RAW DATA.
##########
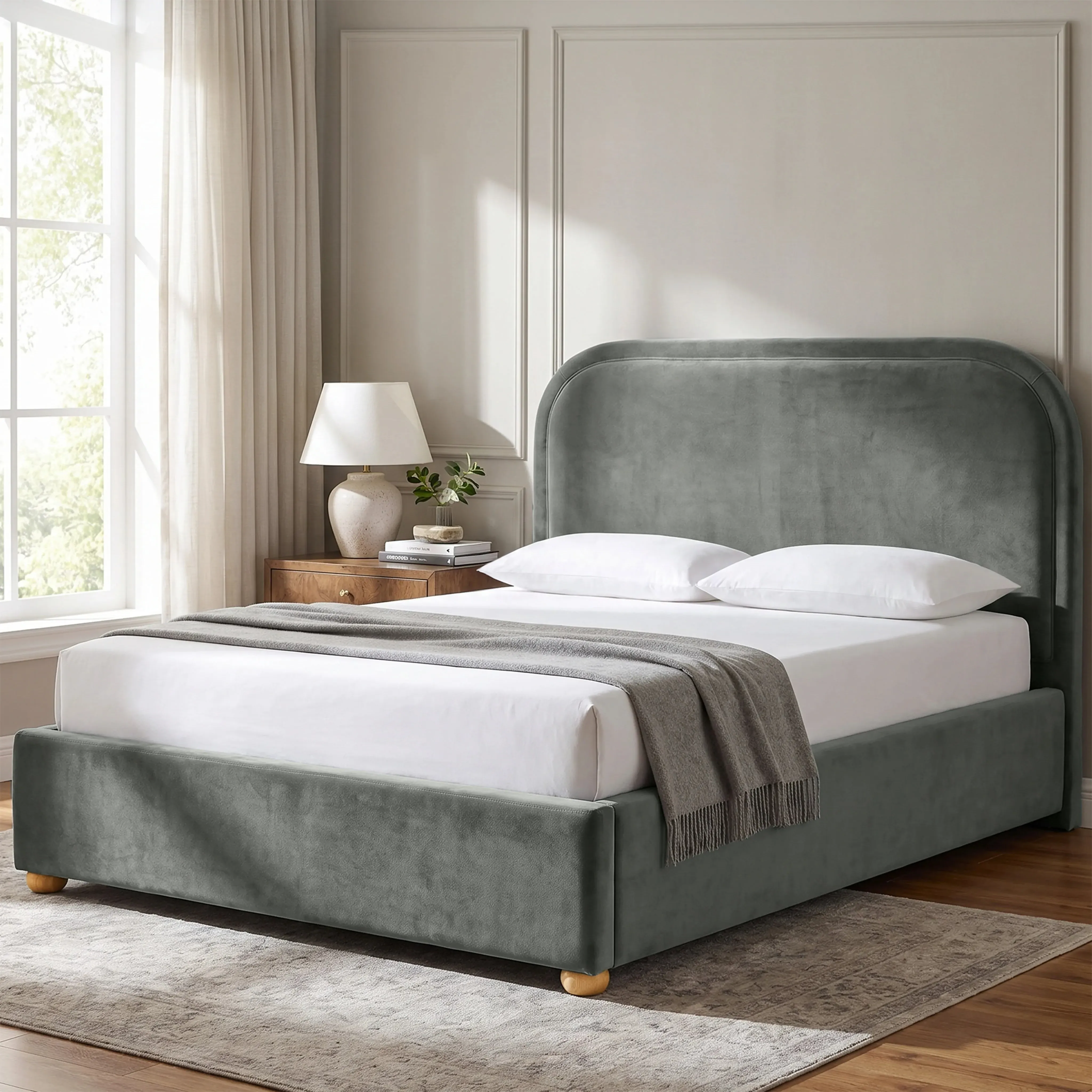 Curved King Size Ottoman Storage Bed - Grey, Velvet product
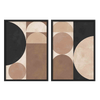 Conjunto de cuadros marrón minimalistas con diseño geométrico moderno, disponibles en kudeko.com.\n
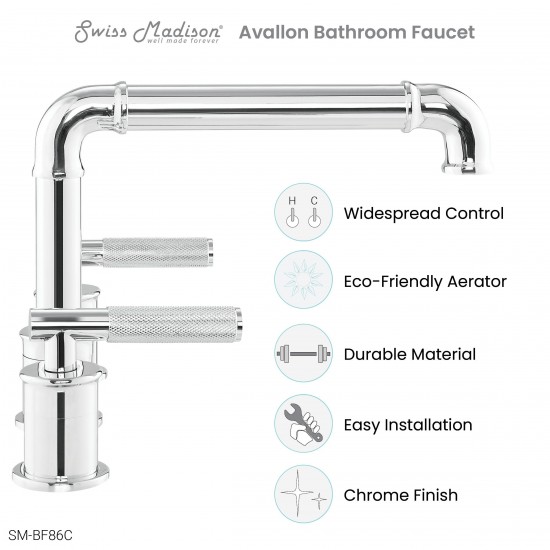 Avallon 8 in. Widespread, Sleek Handle, Bathroom Faucet in Chrome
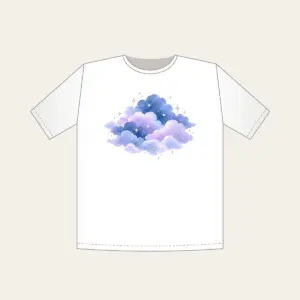 Dusk Clouds with Tiny Silver Stars T-Shirt in white: Gentle clouds in dusk blue and lilac are dotted with tiny silver stars.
##########
THE TASK. From the line that holds "Avallon 8 in." down to the last line of the material above, every line is to be copied exactly, both ends included; pictures are to be omitted.

WRITTEN REPLY.
 Avallon 8 in. Widespread, Sleek Handle, Bathroom Faucet in Chrome
 Dusk Clouds with Tiny Silver Stars T-Shirt in white: Gentle clouds in dusk blue and lilac are dotted with tiny silver stars.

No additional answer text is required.